Jane Austen's classic tale of love across the class barriers is relocated to India and plucked out of the 19th century to the present day.
The Bennets become the Bakshis, a contemporary Indian couple with four unattached daughters, living in faded splendour in the temple city of Amritsar.
Short of dowry money, Mrs Bakshi is constantly on the lookout for likely suitors, when into their world strolls Bairaj (Naveen Andrews) and his Yankee pal.
Darcy - who will be remembered to a generation of Britons as defined by a damp blousoned Colin Firth - has become a brash young American hotelier (Henderson).
His nemesis, the cad Whickam, stays British but is played by Canadian Daniel Gillies, while the object of their obsession is the eldest Bakshi, Lalita (ex-Miss World Aishwarya Rai).
To those familiar with the tale of the initially aloof Darcy, the free-spirited Elizabeth Bennet and the duplicitous Whickam, this will not add much to the sum total.
As you might imagine in a Bollywood adaptation, there's lots of strident sitar play and swirling saris in the inevitable set dance sequences.
However, the performances of the Western actors Henderson and Gillies are so bland it wouldn't have been a bad idea to force feed them curry powder to spice things up.
(Johnny Depp and Joaquin Phoenix were apparently considered for the roles and the subsequent casting suffers by comparison).

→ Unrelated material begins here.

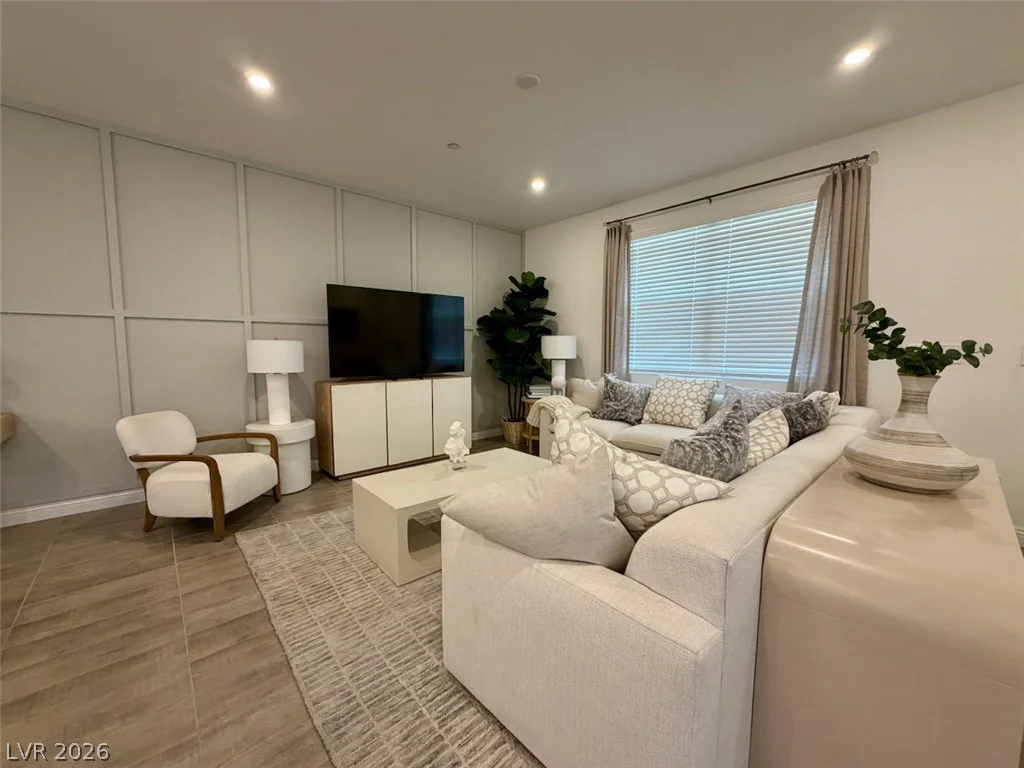 802 Royal Beekman, Henderson, NV 89011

There's a tepid attempt to play off brash American capitalism (Darcy) against Indian spirituality (Lalita) but you just know they'll be cosying up after a few dramatic hurdles have been overcome.
Bend It Like Beckham director Gurinder Chadha has reduced an intricate and nuanced love story into a standard Hollywood rom-com with Bollywood trappings.
There's nothing objectionable happening... but this is a korma when it could have been a vindaloo.